Grain management centers are under construction in six locations across North Hwanghae province this year alone, including in Unpa county and Yontan county.
Modern complexes, not simple warehouses
These grain management centers are not merely storage warehouses. They are designed as modern facilities that will select and process grain for long-term storage, as well as directly distribute grain after packaging it hygienically, the source explained.
North Korean leader Kim Jong Un toured construction sites for provincial factories in late August 2024, during which he ordered the simultaneous construction of public health facilities, technology provision offices and grain management centers. He emphasized, “Do not simply renovate existing facilities, but build new management centers to store grain and ensure food quality.”

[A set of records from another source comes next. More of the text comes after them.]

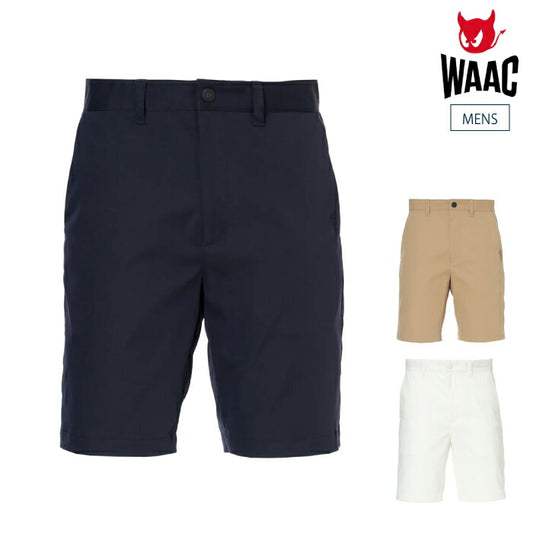 WAAC ワック ゴルフウェア メンズ MEN スパンライク チノハーフパンツ はっ水加工 ストレッチ 072262420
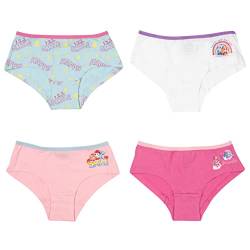 Paw Patrol - Unterhose für Mädchen Kinder Panty Slip Unterwäsche Mehrfarbig Bunt (4er Pack) (as3, Numeric, Numeric_110, Numeric_116, Regular, 110-116) von United Labels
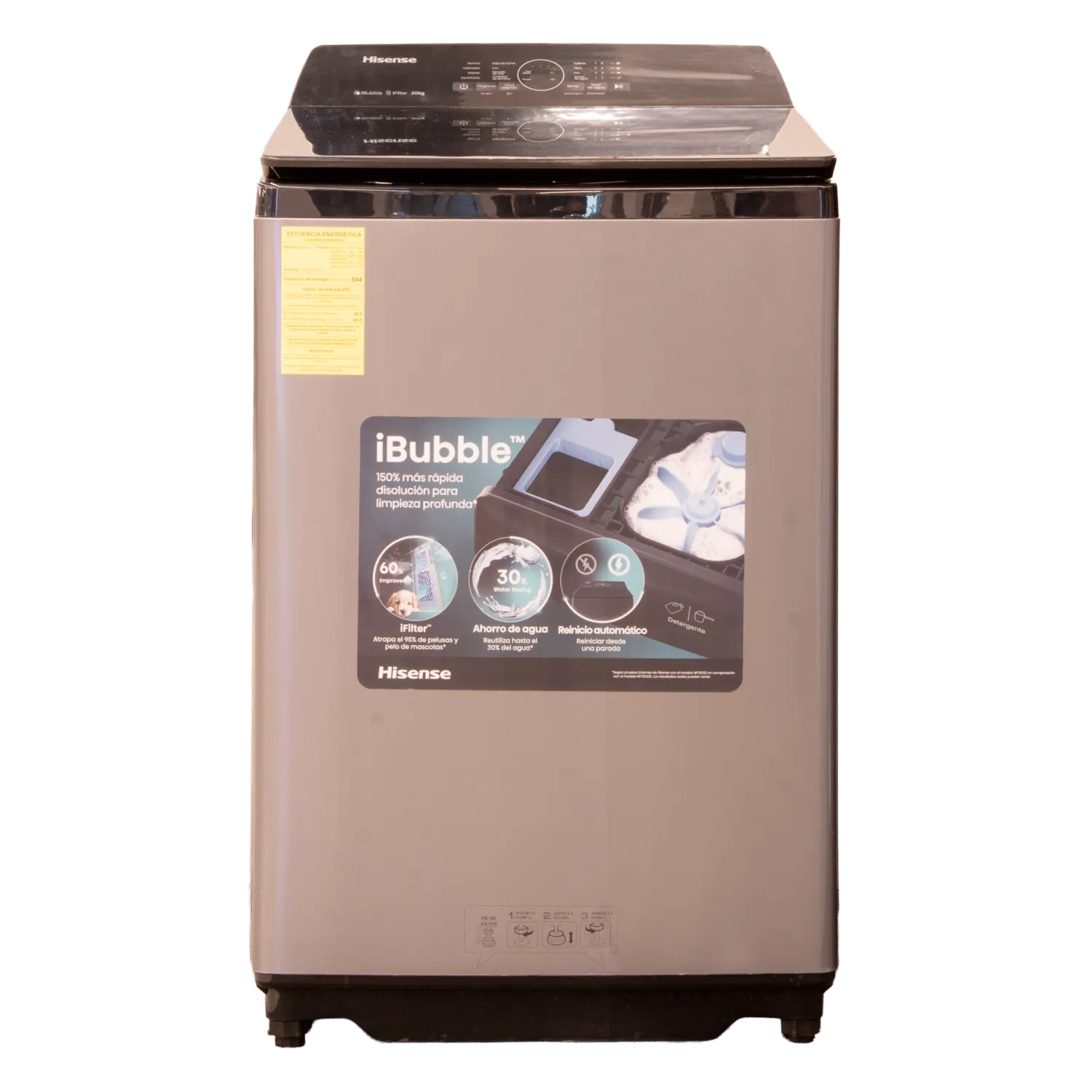 Lavadora De Ropa Top Load Non Inverter HISENSE 20 Kg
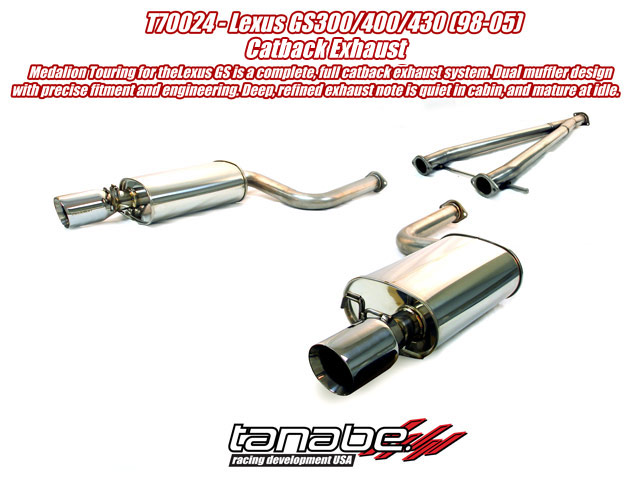 Tanabe Medalion Tourng Catback Exhaust for 98-05 Lexus GS400/430 - Click Image to Close
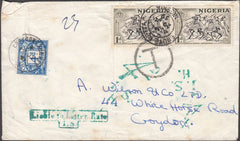 99255 - 1959 UNDERPAID MAIL NIGERIA TO CROYDON.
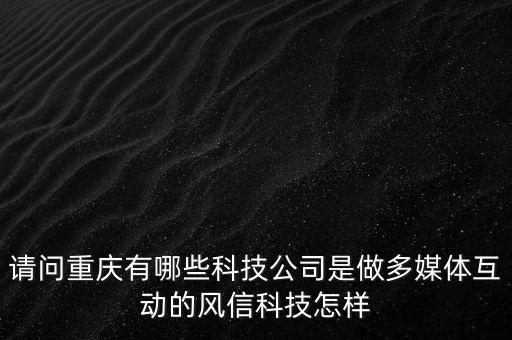 请问重庆有哪些科技公司是做多媒体互动的风信科技怎样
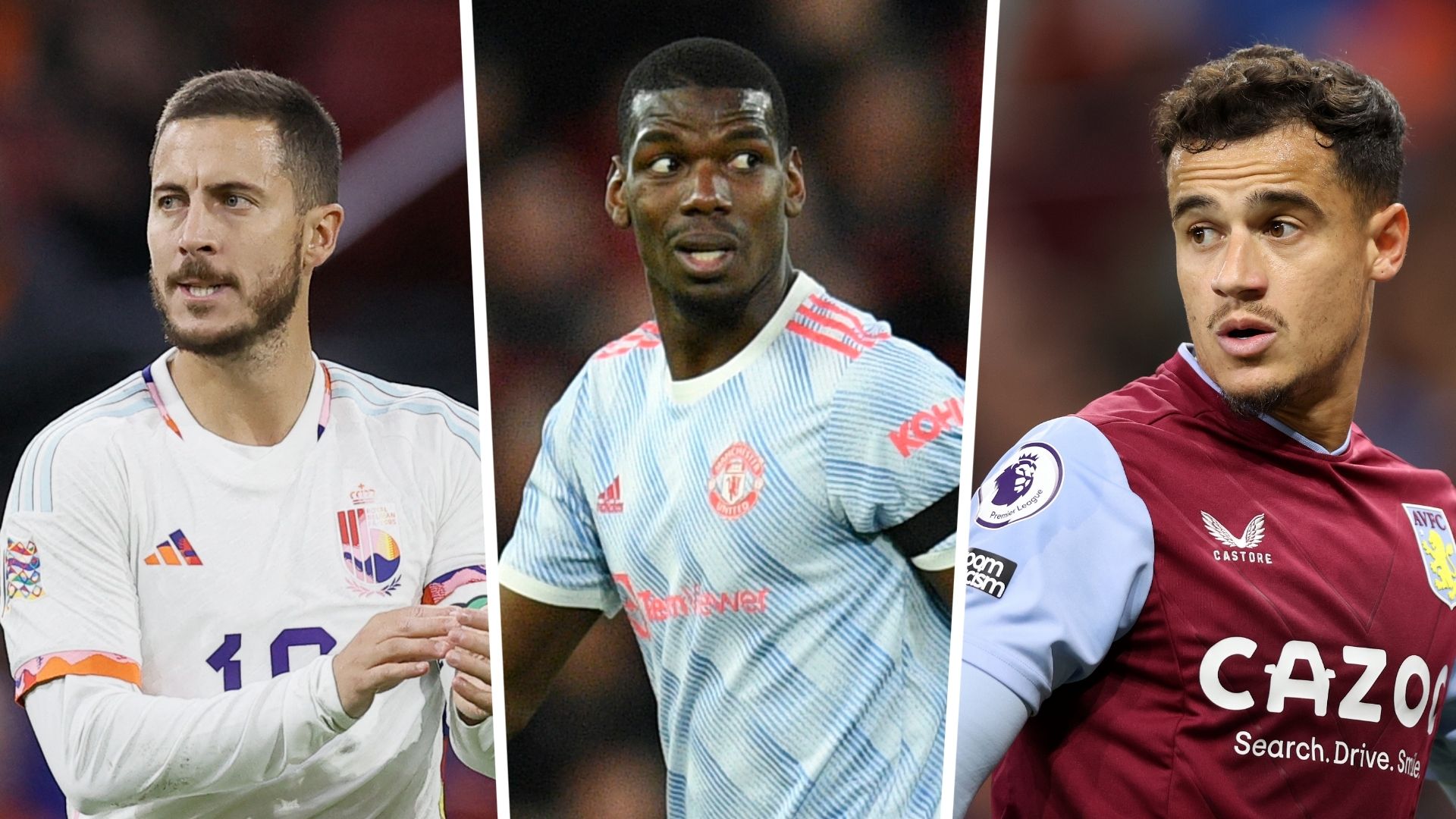 Hazard Pogba Coutinho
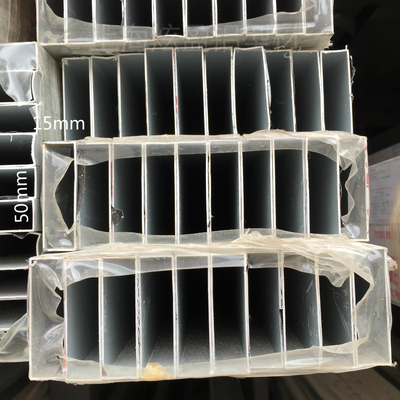 铝合金方管50*15*1.0mm磨砂 门窗装饰吊顶 6米 工业型材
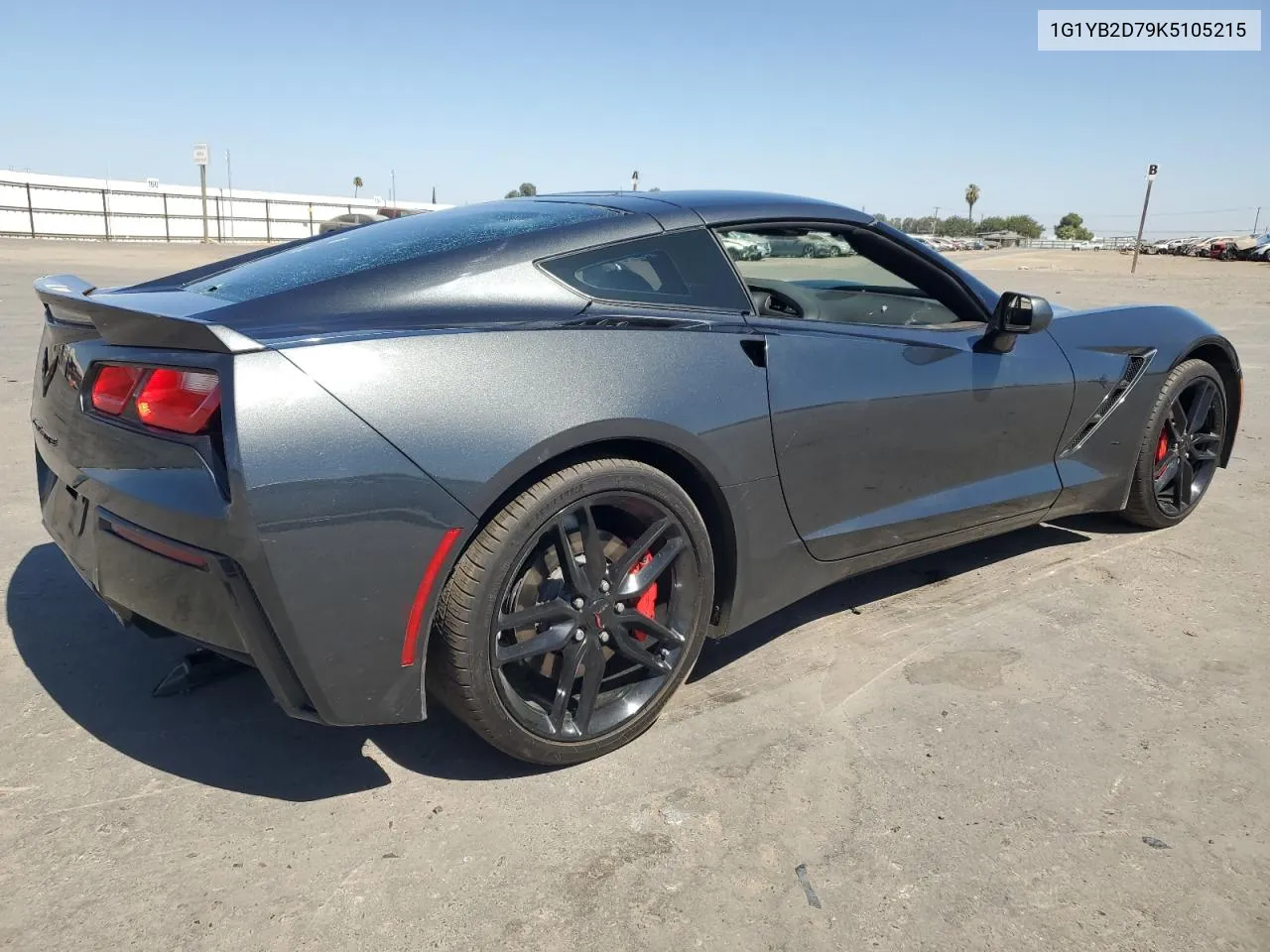 2019 Chevrolet Corvette Stingray 1Lt VIN: 1G1YB2D79K5105215 Lot: 71198074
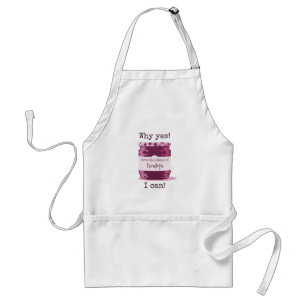 Home Canning Pink Jelly Jar with Your Name Fun Standard Apron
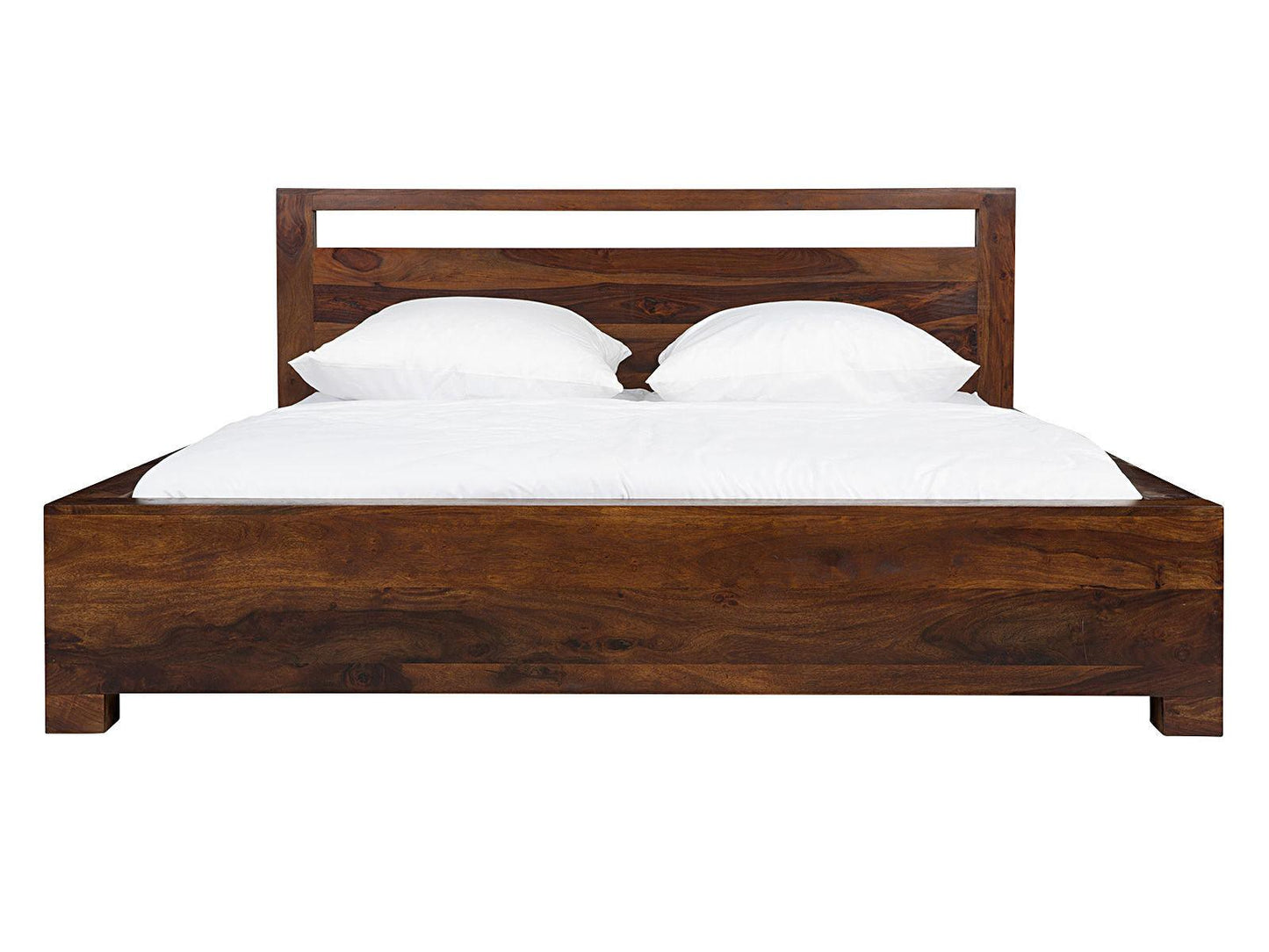 Dudi Furniture Nilay Modern Sheesham wood Storage King Size bed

While Kim ostensibly called for modernizing grain distribution, people believe his real objective is for the state to completely control grain distribution. Behind the slogan to “improve people’s lives” lies the political calculation to control citizens by exercising a monopoly over food distribution.
“For people, eating is the most important issue, and for the state to take responsibility for this is extremely significant from the supreme leader’s perspective,” the source said. Accordingly, Kim “appears strongly determined to monopolize food distribution.”
This goal aligns with North Korea’s legal framework. The country’s grain law, amended in 2022, added “sales” to existing provisions covering the “procurement, storage, processing, distribution and consumption” of grain. This legally restricted autonomous grain sales in markets, granting the state authority to sell grain.
In Article 1 of the amended grain law, North Korea stated it would “strictly establish a system and order in the procurement, storage, processing, distribution, sale and consumption of grain.” Regarding grain procurement, the law replaced language about “timely acquisition” with specific wording on “seamlessly organizing harvests, threshing, drying, packaging and transport.”
Completing the control framework
With the construction of grain management centers, North Korea will have completed its roadmap for strengthening centralized control through interconnected laws, policies, and physical infrastructure. North Korea established the legal foundation with its 2022 law revision, consolidated its policy direction with Kim’s 2024 order, and entered the implementation phase with grain management center construction in 2025.
Overall management of these centers will be handled by the Ministry of Grain Management, while the centers’ directors, technical heads, party secretaries and procurement managers, along with processing teams, storage teams and security teams, will operate under a management system spanning both provincial and city or county people’s committees.
“The system looks comprehensive on paper, but practical problems could emerge, such as electricity shortages, lack of technical personnel and logistical deficiencies,” the source said. “The centers have the organizational structure, but they face serious risks of being less effective in reality.”
“The government promotes this project as a ‘policy for the people,’ but it remains unclear whether the state’s centralization of food distribution will lead to concrete improvements in citizens’ lives,” the source added. “If they simply restrict grain sales that were previously handled in markets, it could create negative effects such as soaring food prices due to supply shortages.”